The answer is, somewhat, and the movie actually does something that would become a bit of a hallmark of future Oscar winners: It is probably the most socially liberal movie to have come down the chute to that point. Many subsequent best picture winners have championed causes, but this was one of the first -- even if that cause was just the innocence of an accused traitor.

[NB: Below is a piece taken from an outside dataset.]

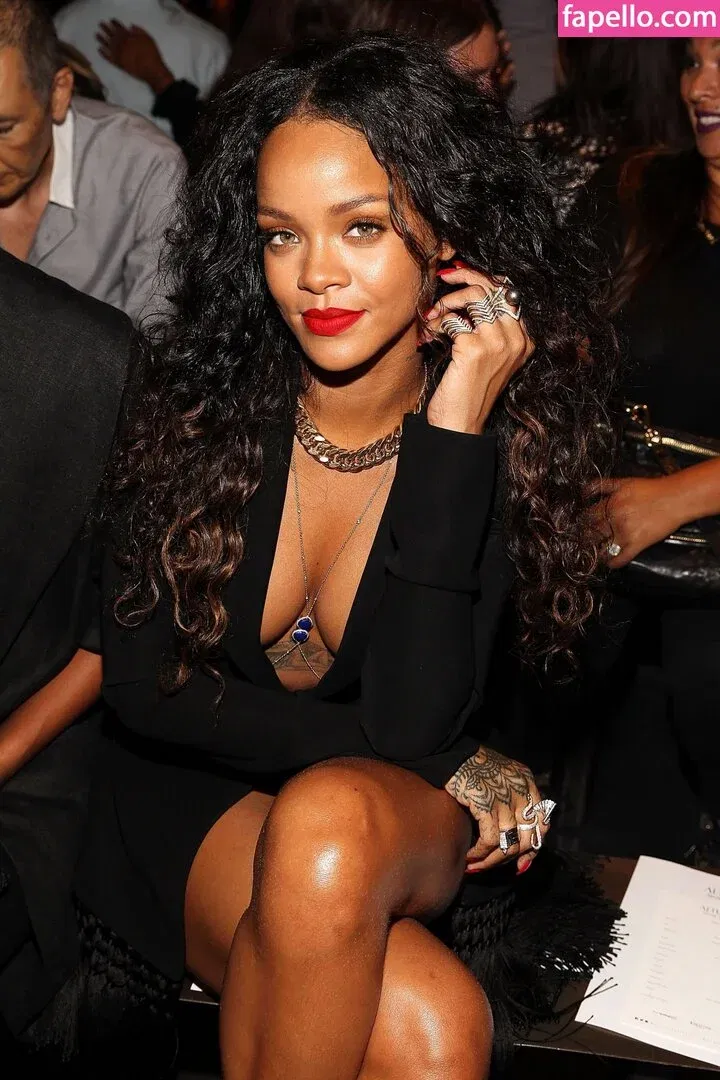 Rihanna Onlyfans Photo Gallery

And that's the way I first described this movie as being somewhat modern. Modern biopics -- Lincoln and Selma being two recent examples -- tend to recognize the wisdom of focusing on a single important section of the person's life, not a cradle-to-grave recitation of his or her greatest hits. When The Life of Emile Zola gets good -- and that may be a slightly inflated way to describe its eventual quality -- it's because it starts to focus exclusively on Zola's impassioned written defense of Alfred Dreyfus, who was falsely accused of treason. What was most pernicious about his resulting false imprisonment is that many of the military leaders who put him there knew he was innocent -- but scapegoated him in order to save face, for the good of the military and the good of France.

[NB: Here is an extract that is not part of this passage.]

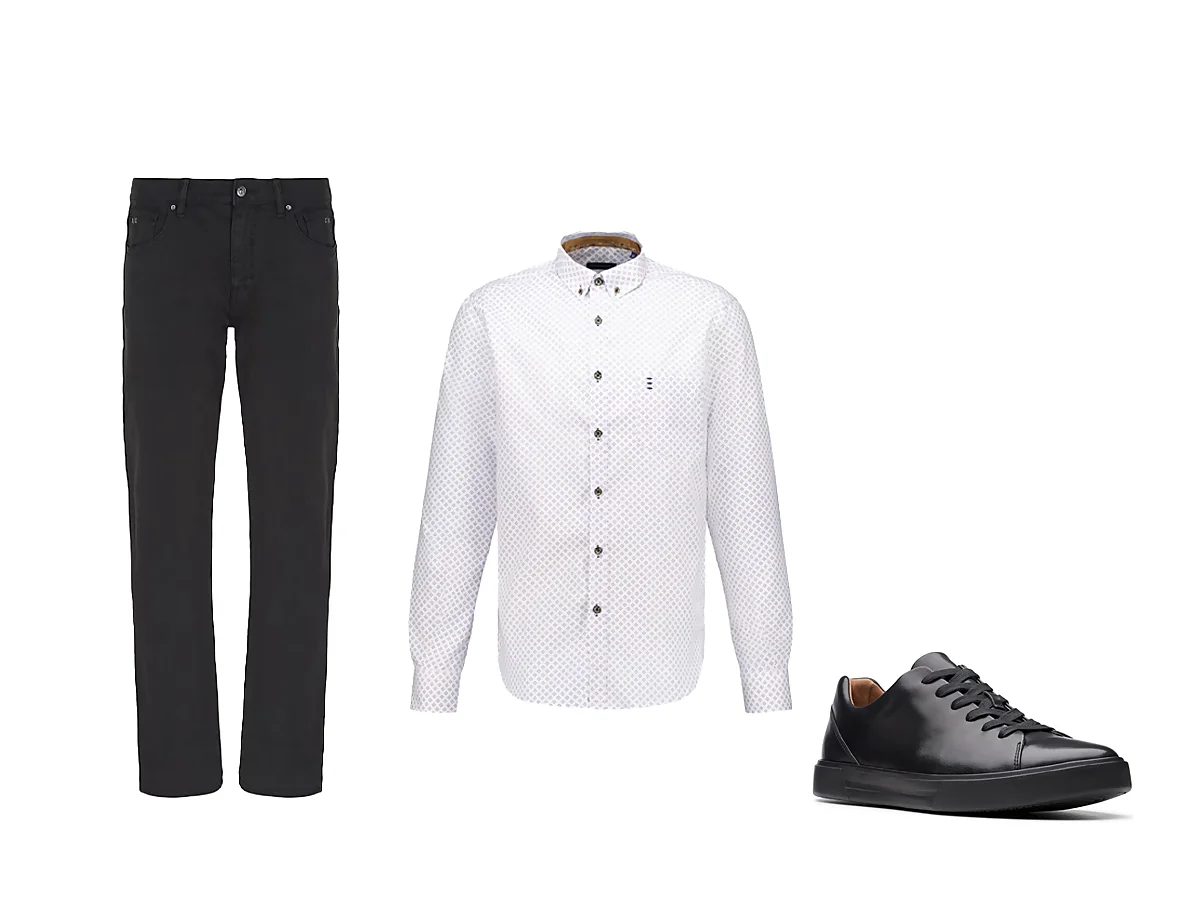 look con camisa blanca estampada, jeans y zapatillas minimal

So it's not really "the life" of Emile Zola. It's 45 frustrating minutes of some of Zola's greatest hits, followed by a slightly less frustrating hour-and-fifteen minutes of Zola's sometimes peripheral involvement in this sensational treason case.

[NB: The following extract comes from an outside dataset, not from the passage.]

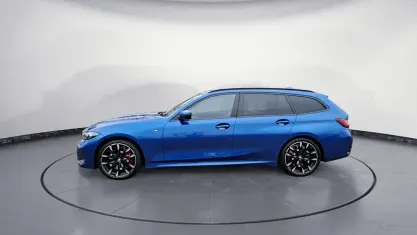 Używany BMW 320 M Sport 190 KM (139 kW) 2024 Niebieski Kombi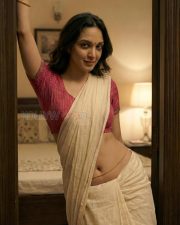 Lust Stories Hottie Kiara Advani in a White Saree with a Short Sleeved Pink Blouse Photos 03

The movie does look sort of like crud, though. Given some of the films I've already seen in this series alone, all of which predated Zola, I had a hard time believing a film that looked so scruffy and so small in scope could muscle out the other nominees. But then I looked at the rest of the field. Of the nine other films that were nominated in 1937, the only other I'd seen is A Star is Born, and that one looks pretty cruddy as well. Maybe 1937 just was not a great year for movies.

Although the film does get on track in its second half and features a justified Oscar-winning performance from supporting actor Joseph Schildkraut (as Dreyfus), it starts out inauspiciously indeed. The opening scene features a younger version of Zola and a character that I learn in retrospect was supposed to be Paul Cezanne, but the dialogue is so poorly recorded and the scene so poorly introduced that I felt like I'd just been thrown into the middle of the proceedings. Meanwhile, both characters spend most of the scene in beds in some kind of loft, making them seem a bit like invalids.

The ensuing scenes, which in my memory are just a succession of book titles coming off presses as a lame means of showing his career blossom, were when I fell asleep repeatedly. I don't think I actually missed any of the movie, as I am very good about pausing, but all the eyelid drooping certainly made my brain a little squishy, and unable to grab on to anything in a dull movie indeed.

Even when the movie does start to become about Dreyfus, it takes a while before Zola actually gets involved, and some hero he is -- his first instinct is to say "I'm old and can't fight the good fight anymore." Of course, he does eventually get involved, and for the second hour, the movie successfully functions as a series of courtroom scenes in which Zola is being accused of libel for his newspaper article shining a spotlight on the real traitor. I was reminded a little bit of some movies I've seen in the past few years and loved, involving men accused of wrongdoing by the military -- I'm thinking specifically of Breaker Morant and Paths of Glory. Unfortunately, Zola reminds me of those movies only in terms of its approach, not its quality.

I did find that out that this was not necessarily a movie that set out with its sights on best picture. Paul Muni, who is fine as Zola, also starred in a movie called The Story of Louis Pasteur the year before, for which he won the best actor award. Although I haven't seen that film, these movies taken together strike me more as workmanlike serials than works of art. Hey, you can't blame The Life of Emile Zola if a bunch of Oscar voters told it it was better than it really was.

Okay, enough of that.

As it turns out, I've been pretty good at watching best picture winners from the 1940s. To get the next movie on the schedule we have to go all the way forward to 1949. So in May I will be watching All the King's Men.